• Exercise
Could you give the data below again exactly, apart from the pictures?

• Input data
....................
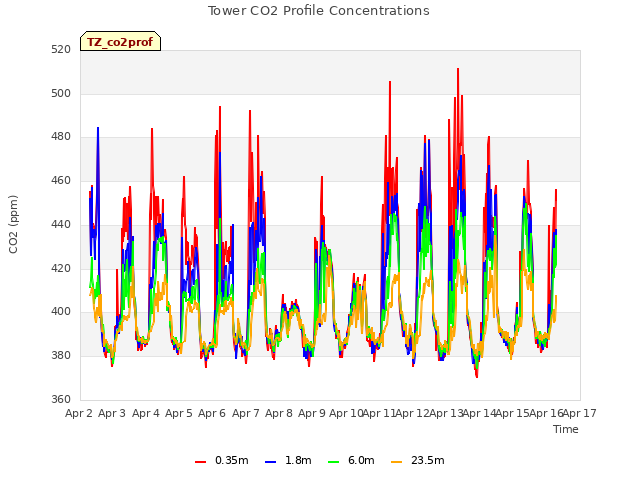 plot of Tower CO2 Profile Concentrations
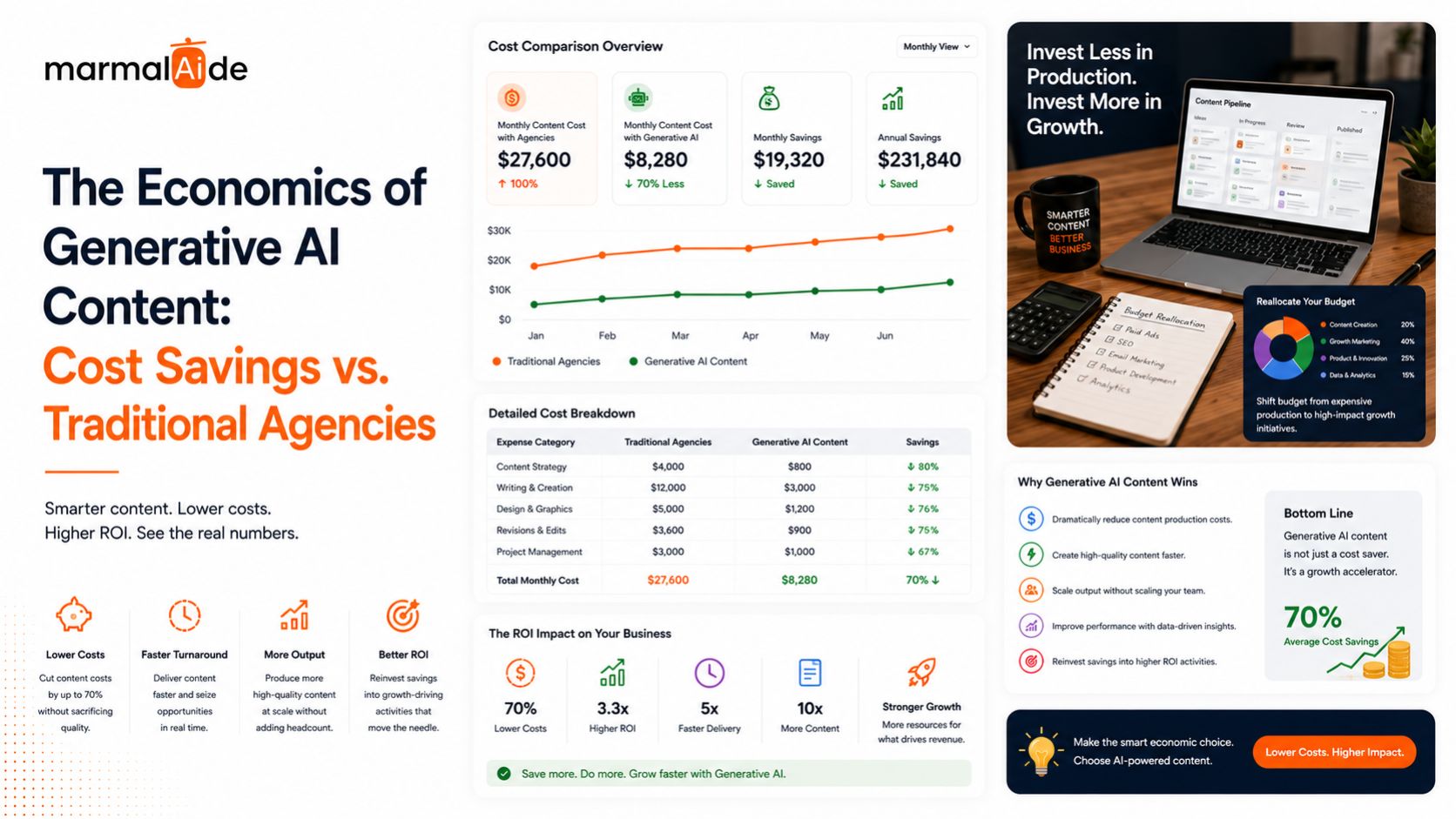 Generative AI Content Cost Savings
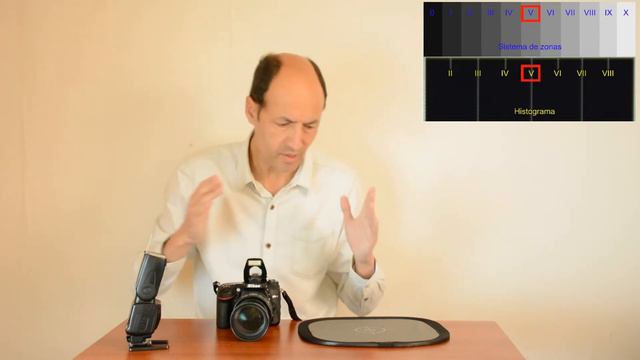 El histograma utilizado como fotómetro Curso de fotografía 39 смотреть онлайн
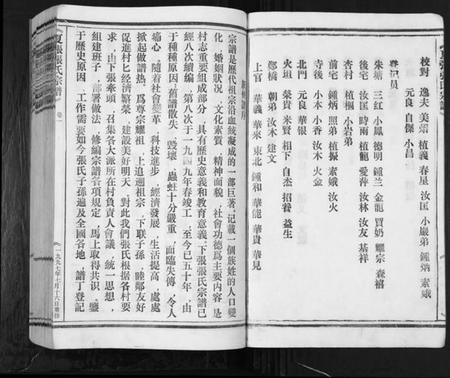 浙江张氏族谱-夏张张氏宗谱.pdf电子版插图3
....................
• Output
 plot of Tower CO2 Profile Concentrations
 Generative AI Content Cost Savings
 El histograma utilizado como fotómetro Curso de fotografía 39 смотреть онлайн
 浙江张氏族谱-夏张张氏宗谱.pdf电子版插图3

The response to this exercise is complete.